Uma das coisas que distingue os países mais ricos dos mais pobres é o cuidado nos bens públicos e o seu nível de manutenção. A limpeza das ruas. A comodidade dos passeios e jardins. A regularidade dos pavimentos. Apesar das exceções, temos normalmente investimentos de rico e manutenção de pobre. É verdade que a manutenção tem um grave problema: não impressiona e se bem feita nem se dá por ela. Não é financiável pelos projetos e programas nacionais e europeus que abrem os noticiários. Mas é o nível de manutenção que melhor traduz a civilidade.

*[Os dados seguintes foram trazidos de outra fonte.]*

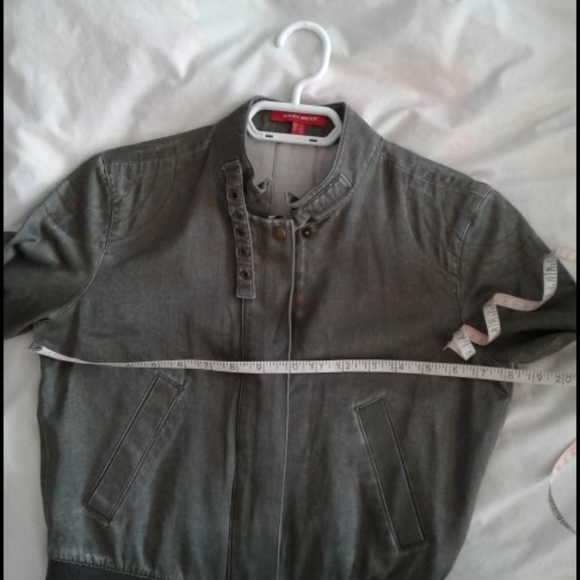 Olive Bomber Jacket with rib waist. Replace your blazer with this cute bomber - Picture 7 of 8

Assegurar o bom estado das infraestruturas tem custos crescentes. Quanto mais complexas são, menor tenderá a ser a sua vida útil antes de uma grande operação de manutenção, e maiores são os custos regulares a que vai obrigar. Construções de elevada segurança, como as que se discutem agora nas notícias, são particularmente exigentes neste tipo de custos. Ao fim de algumas décadas estes custos tornam-se tão elevados que é mais rentável destruir e construir de novo. Temos de estar preparados para a mortalidade das construções e deixá-las desaparecer do mundo “dos vivos” com dignidade. É duro, mas só devemos investir naquilo que consigamos manter.
Se dúvida houver de que esta preocupação está genericamente ausente na altura das decisões, e que assegurar um nível elevado de manutenção não faz parte da cultura nacional, um percurso de automóvel nas ruas que mais parecem “picadas”, numa das estradas impropriamente chamadas secundárias porque são primárias para muita gente, ou ainda a tentativa de utilização de uma cadeira de rodas nos passeios estreitos e irregulares das nossas cidades, dá-nos a resposta. Nos ossos.